I walk into the holding-cell size shop where I change money. A women at the counter sounds like she’ll be awhile. I decide to take a walk around the block instead. A leather shop stands a few doors down. That classic old-store-font being revived in hipsterdom brunch-land sits plainly across the glass, the words slightly faded but still clearly legible. Saddles are displayed in the window, hand bags and briefcases hang overhead.
An older man with grey hair escaping his flat cap, a dark green workshop apron, and humble dark clothes is visible from the window, he stands over his work bench. I take the several, worn, small steps inside the store that place you in the center of the slightly cluttered shop. A 20-something apprentice is separated from the craftsmen by a dozen pieces, and a half century, but is otherwise a perfect stand in.
It’s the smell I notice — both the skins and the oils. It’s strong but not overwhelming. It triggers whatever you associate with leather: riding (of the horse or bike variety), strength, quality, endurance, craftsmanship, shoes. Also, I can’t see in here. Light is decidedly lacking. I don’t know if that’s an intentional decision or simply a remnant of the past. It’s mid-high 70’s and extremely sunny outside (“hot” according to some at the hostel, haha!), a stark contrast. It’s musty. I think that’s just the lingering smell. I imagine in the afternoon a few local men smoke cigars here, a casual escape and respite for the hands.
There’s someone else fiddling in a back room but neither I nor the others seem to pay him much attention. The work is quiet, individualistic. They seem a bit surprised to see me. I stay for only a few moments. I’m never comfortable taking people’s time in a commercial setting when I’m not shopping to purchase. Perhaps I’m too reserved in this regard for interesting situations. I’d be lying if I weren’t also weighed by conscious of the American perception. It doesn’t help that my Spanish isn’t flawless (somehow, I never picked up leatherworking terms) and that I find Argentines particularly hard to follow. To complicate things further, it would seem that the better my Spanish, the more likely the Argentines are to slur/slang in their peculiar way, making it harder yet for me to understand. Perhaps I’m just making excuses. If I were to do it again, I suppose I should stay longer.

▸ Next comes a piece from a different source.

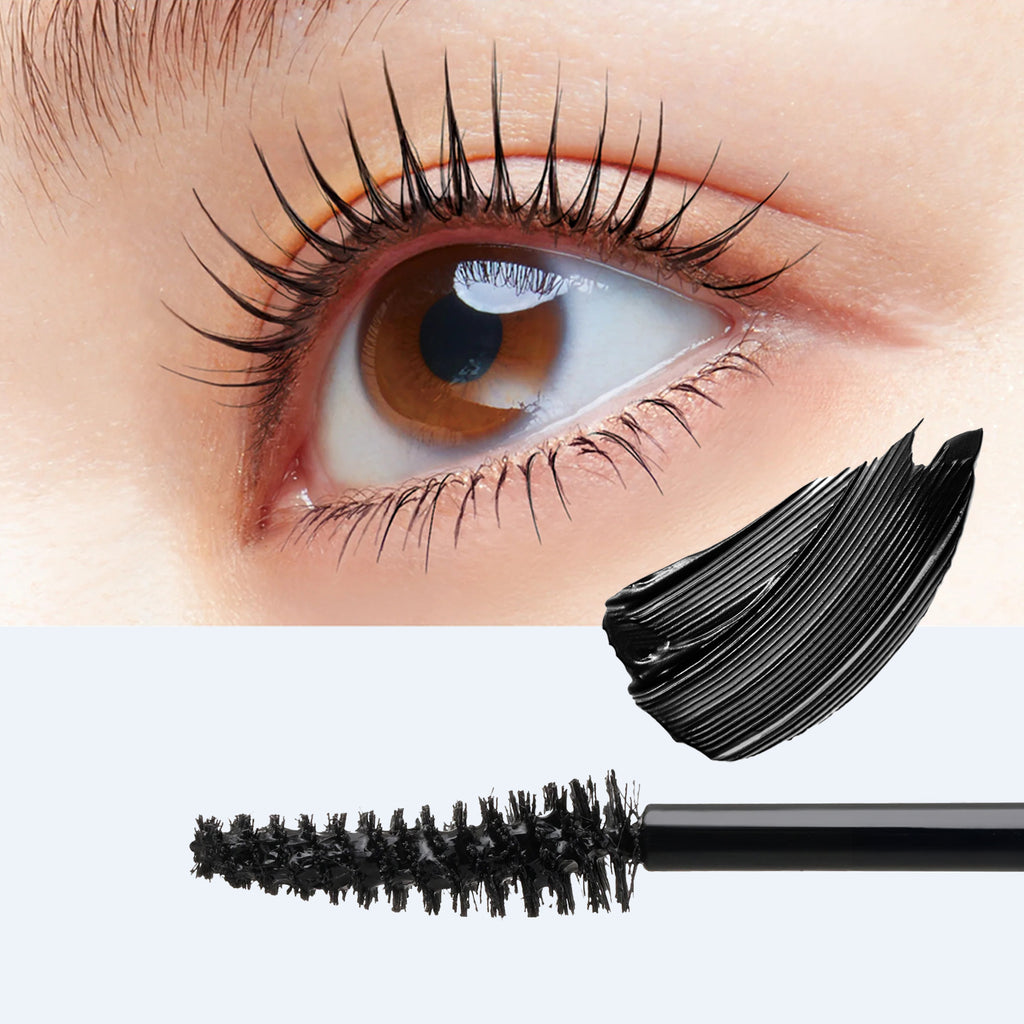 Close-up of a human eye with long, dark eyelashes, shown above a black mascara wand and a thick smear of black mascara on a light gray background.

I wander back to the Cambio to find a new customer at the counter. I decide to wait and take a seat. As she’s wrapping up, a balding, late-middle aged man with a black-white checkered wool jacket, dark pants, brown shoes, and a potbelly shuffles in. He sees me sitting there wait and moves to stand awkwardly close to the woman at the counter. She raises her eyebrows, a not so subtle hint he fails to pick up.
As she leaves he says in broken English that he wants to trade USD $1,000. Where is this guy from? Does he not see me here? The clerk offers an exchange of 9.40 — he accepts in a rush. The clerk seems a bit uncomfortable as he picks up his cell phone and puts back down several times, unsure how to proceed. He starts to count out hundreds. The guy asks for bigger bills but is told he’ll have to wait for a few minutes to get them. “No, keep going”. A few minutes later he is handed a collection of bills grouped in rubber bands. He stuffs the 4-inch wad in his outer jacket pocket and nervously rushes out. I walk up to the counter for my turn. Apparently the previous guy had cleaned him out, so I’m going to have to wait.
In this case, that means putting that cell phone to use. 3 minutes later, a larger than life man wonders in. He must have been 6’4 and 300 pounds. He’s not particularly fit, but certainly an imposing size. He pulls out huge wads of cash rolled up from his sweatpants. I assume he’s another customer. Only after their transaction do I realize that this was the money he needed. Where was this guy, just chilling next door?
I exchange my money and go on my way to one of the many bakeries that seem to line every corner and continue my day. The leather shop was closed, and completely dark, as if it were never opened.